DEV Community

Cover image for Exploratory Data Analysis Ultimate Guide
Eric-GI
Eric-GI

Posted on • Updated on

Exploratory Data Analysis Ultimate Guide

INTRODUCTION

Exploratory Data Analysis

Exploratory Data Analysis is the process of exploring and summarizing a dataset in order to identify patterns, trends, and relationships in the data. EDA involves visualizing the data, identifying outliers, missing values, and other anomalies, and using statistical methods to understand the characteristics of the data. EDA is an important step in the data analysis process because it allows analysts to identify potential issues with the data, develop hypotheses, and test those hypotheses using statistical methods.

Exploratory data analysis (EDA) is an essential process in data science, which involves understanding and summarizing the characteristics of a dataset to derive meaningful insights. EDA provides a foundation for further analysis, modeling, and decision-making. However, exploring and analyzing large and complex datasets can be a daunting task, and require the use of specialized tools and techniques. In this essay, we will discuss some of the most common and effective tools and techniques for exploratory data analysis.

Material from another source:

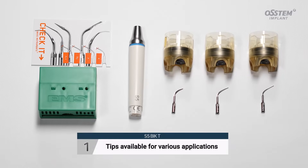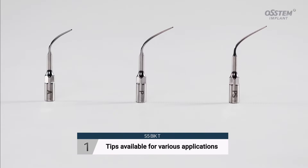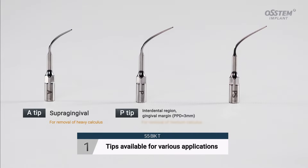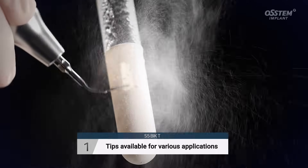The S5T scalar can be attached to the dental unit chair. Three tips are included: the A-tip, P-tip, and PS-tip, allowing you to choose the appropriate tip depending on the patient's oral environment.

Effective tools and techniques for exploratory data analysis

  1. Summary Statistics: Summary statistics such as mean, median, standard deviation, minimum, and maximum can provide a quick overview of the central tendency, variability, and range of a dataset. Descriptive statistics can be used to identify outliers, skewness, and other patterns in the data. Additionally, summary statistics can be visualized using histograms, box plots, and scatter plots to gain a deeper understanding of the distribution and relationships among variables.

  2. Data Visualization: Data visualization is a powerful technique for exploring and communicating data. Visualization techniques such as scatter plots, histograms, heatmaps, and bar graphs can be used to display the patterns and relationships within and between variables. Visualization can help detect trends, clusters, outliers, and other patterns that may be hidden in the raw data.

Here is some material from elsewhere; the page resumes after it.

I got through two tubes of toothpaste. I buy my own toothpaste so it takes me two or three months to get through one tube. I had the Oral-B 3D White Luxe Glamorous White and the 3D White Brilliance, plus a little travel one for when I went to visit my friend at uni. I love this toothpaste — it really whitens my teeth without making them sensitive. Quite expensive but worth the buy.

  3. Correlation Analysis: Correlation analysis is a statistical technique used to measure the strength and direction of the relationship between two or more variables. Correlation can be visualized using scatter plots or heatmaps, and can help identify the most significant variables in the dataset. Correlation analysis can also be used to create predictive models by identifying the variables that are most strongly correlated with the target variable.

  4. Clustering: Clustering is a technique used to group similar data points into clusters based on their similarity. Clustering can help identify patterns and relationships in the data that may not be apparent using other techniques. Clustering can be performed using unsupervised machine learning algorithms such as k-means, hierarchical clustering, or DBSCAN.

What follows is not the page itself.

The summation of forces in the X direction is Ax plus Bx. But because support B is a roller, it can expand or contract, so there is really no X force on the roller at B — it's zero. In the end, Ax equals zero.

  5. Dimensionality Reduction: Dimensionality reduction is a technique used to reduce the number of features or variables in a dataset while retaining as much information as possible. This technique can be useful when working with high-dimensional data, where it may be difficult to visualize and understand the relationships among variables. Techniques such as principal component analysis (PCA) and t-SNE can be used to reduce the dimensionality of the data and identify the most important features.

  6. Data Preprocessing: Data preprocessing involves cleaning and transforming the data to make it suitable for analysis. Data preprocessing techniques such as imputation, normalization, and encoding can be used to handle missing values, scale the data, and convert categorical variables to numerical values. Data preprocessing can help improve the accuracy and efficiency of EDA and subsequent analysis.

How to perform Exploratory Data Analysis

Exploratory Data Analysis (EDA) is a crucial step in data analysis that helps in understanding the characteristics and patterns in a dataset. EDA involves various techniques and methods to gain insights from the data. Here are some steps that can be followed to perform EDA:

Collect and Understand the Data: The first step is to gather the data and try to understand the nature of the data. This includes identifying the data sources, collecting data, and understanding the attributes of the data.

Clean and Prepare the Data: Before starting the analysis, the data needs to be cleaned and prepared. This includes handling missing data, removing outliers, scaling or normalizing the data, and converting categorical data to numerical data.

Summarize the Data: Summary statistics such as mean, median, mode, standard deviation, and range can be calculated for each attribute to get a quick overview of the data. This can be done using tools like Excel or statistical software like R or Python.

Visualize the Data: Visualization techniques like histograms, box plots, scatter plots, and heat maps can be used to understand the distribution of the data, identify outliers and patterns, and visualize the relationship between different attributes. Visualization tools like Tableau, matplotlib, or ggplot can be used for this purpose.

Perform Statistical Analysis: Statistical techniques like correlation analysis, regression analysis, and clustering can be used to uncover patterns and relationships between different attributes. These techniques can be performed using statistical software like R, Python, or SAS.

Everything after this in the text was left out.